This was hyperbole but also likely what is going to happen. After the dust has cleared, Congress makes committees to see what exacerbated dysfunction - and they may then notice this discrepancy in the bay area as well. Meaning that it has nothing to do with a national policy decision because my hypothesis is relevant on a local level for the Bay Area as this whole thread made abundantly clear. For everywhere else it is merely interesting.

The difference is that one major economic center of the US can resume with a level of certainty and forward guidance.

My primary point of this exercise is that you are rejecting this possibility out of principle, recycled from rejecting a wide universe of possibilities, without factoring in what this one actually could change. So I hope thats clear now.


>> Either the ancedotes form useful data or they don't - you can't have it both ways.

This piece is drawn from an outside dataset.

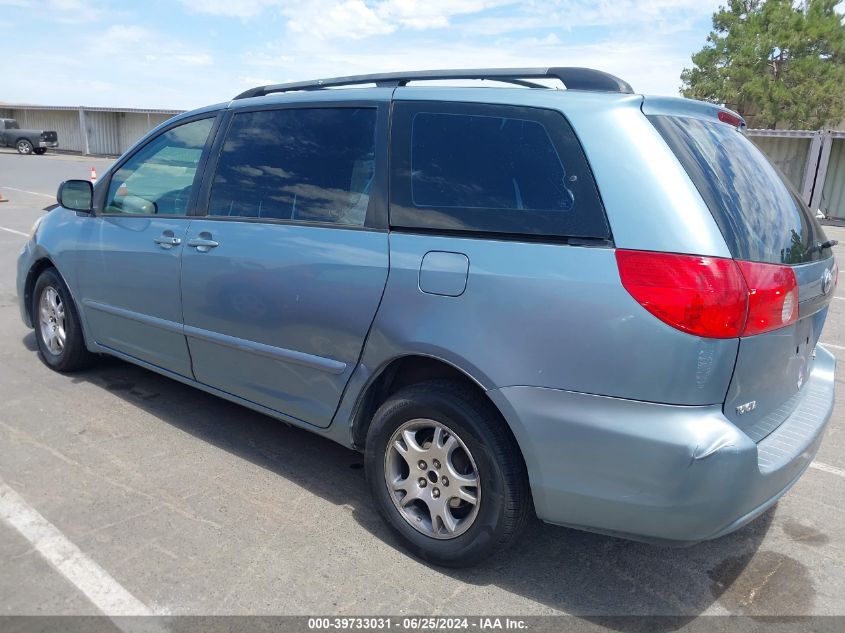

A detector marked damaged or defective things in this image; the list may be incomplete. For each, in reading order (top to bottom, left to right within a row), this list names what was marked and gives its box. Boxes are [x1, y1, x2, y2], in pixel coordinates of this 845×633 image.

dent on rear bumper [492, 346, 836, 544]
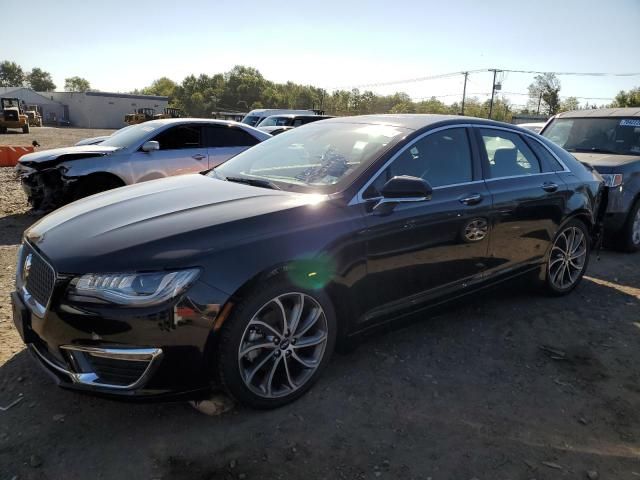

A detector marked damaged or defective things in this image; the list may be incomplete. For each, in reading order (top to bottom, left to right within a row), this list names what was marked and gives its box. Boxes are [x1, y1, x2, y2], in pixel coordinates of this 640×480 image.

damaged silver car [15, 118, 270, 210]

> In this case they do if you test for antibodies

I'm not sure if this is a disagreement in framing or what. I encourage retroactive testing for antibodies, however, I do so in spite of ancedotal data failing to form useful data that suggests such tests will contradict the currently understood origins of the virus. Finding antibodies for samples taken in December, for example, sounds like it would be interesting and potentially useful science - for the very reason that it contradicts the data formed by said ancedotes.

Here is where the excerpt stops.